Print exactly what appears from the line containing "Hello everyone, welcome" through the final line of the data below, pictures excluded.

Records from a dataset:
........

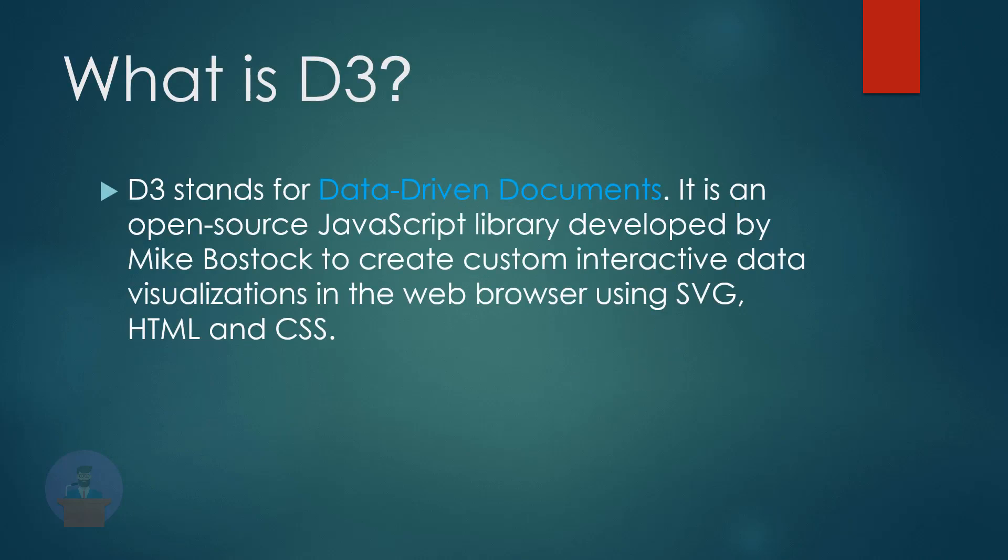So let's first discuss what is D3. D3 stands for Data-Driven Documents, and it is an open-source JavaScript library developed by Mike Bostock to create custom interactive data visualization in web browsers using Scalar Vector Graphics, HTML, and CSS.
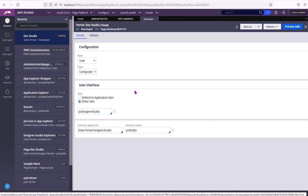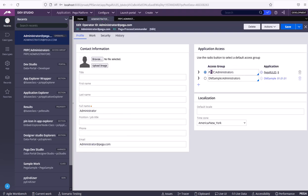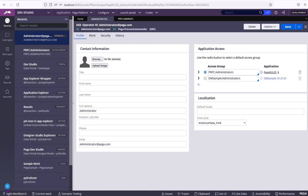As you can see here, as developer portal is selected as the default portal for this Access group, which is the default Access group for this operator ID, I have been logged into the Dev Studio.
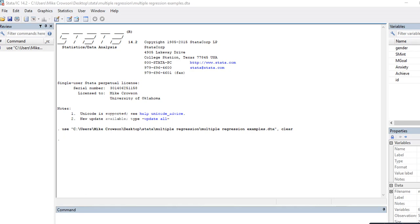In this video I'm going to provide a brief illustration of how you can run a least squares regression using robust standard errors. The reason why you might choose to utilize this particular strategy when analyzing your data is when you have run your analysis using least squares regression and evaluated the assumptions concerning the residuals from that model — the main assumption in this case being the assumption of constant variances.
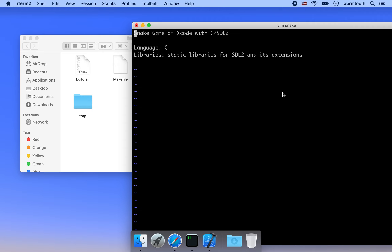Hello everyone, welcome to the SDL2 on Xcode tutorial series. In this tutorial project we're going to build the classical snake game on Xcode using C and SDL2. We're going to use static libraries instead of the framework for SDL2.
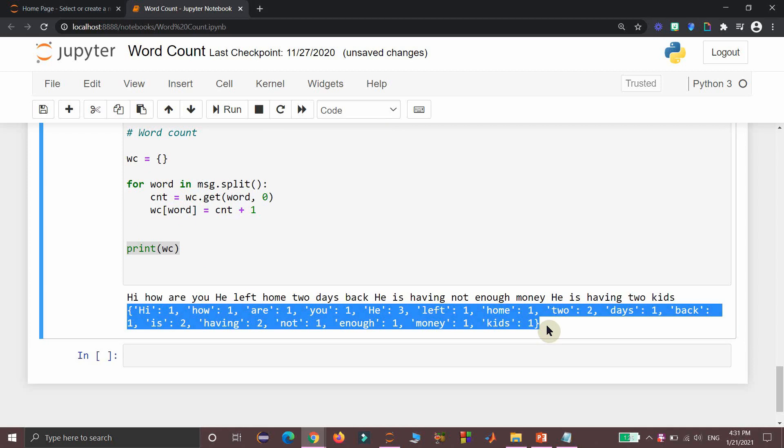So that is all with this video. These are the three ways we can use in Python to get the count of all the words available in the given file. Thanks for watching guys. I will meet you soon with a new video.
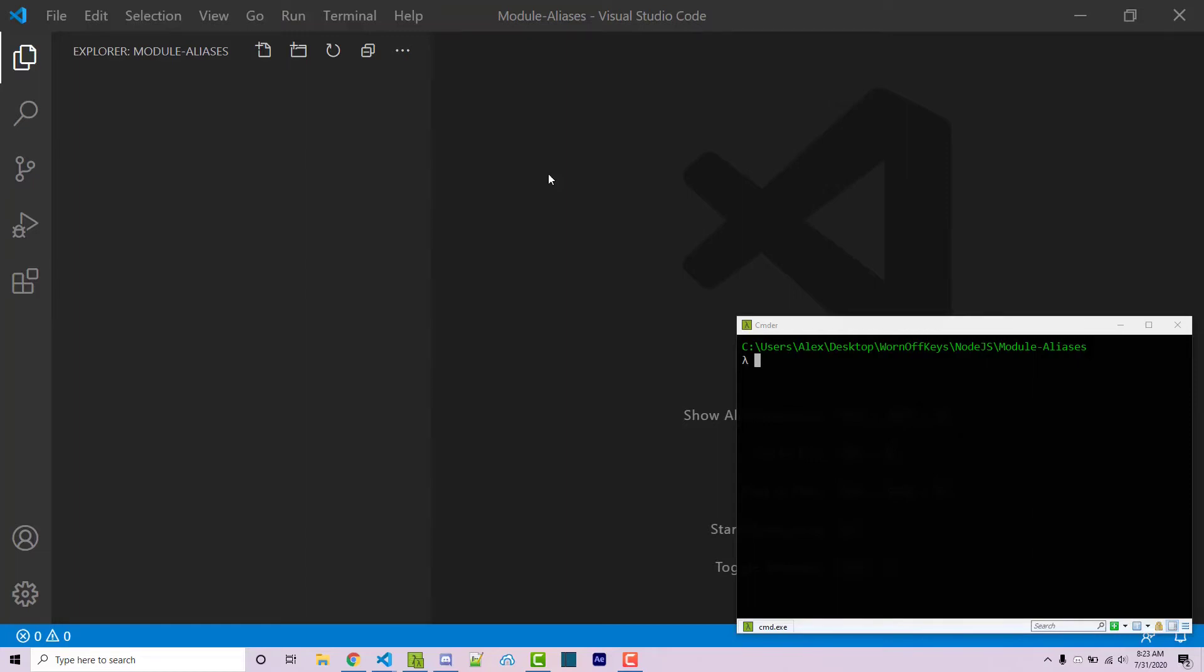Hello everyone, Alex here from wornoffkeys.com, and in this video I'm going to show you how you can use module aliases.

........

Exercise output »
Hello everyone, welcome to the SDL2 on Xcode tutorial series. In this tutorial project we're going to build the classical snake game on Xcode using C and SDL2. We're going to use static libraries instead of the framework for SDL2.
So that is all with this video. These are the three ways we can use in Python to get the count of all the words available in the given file. Thanks for watching guys. I will meet you soon with a new video.
Hello everyone, Alex here from wornoffkeys.com, and in this video I'm going to show you how you can use module aliases.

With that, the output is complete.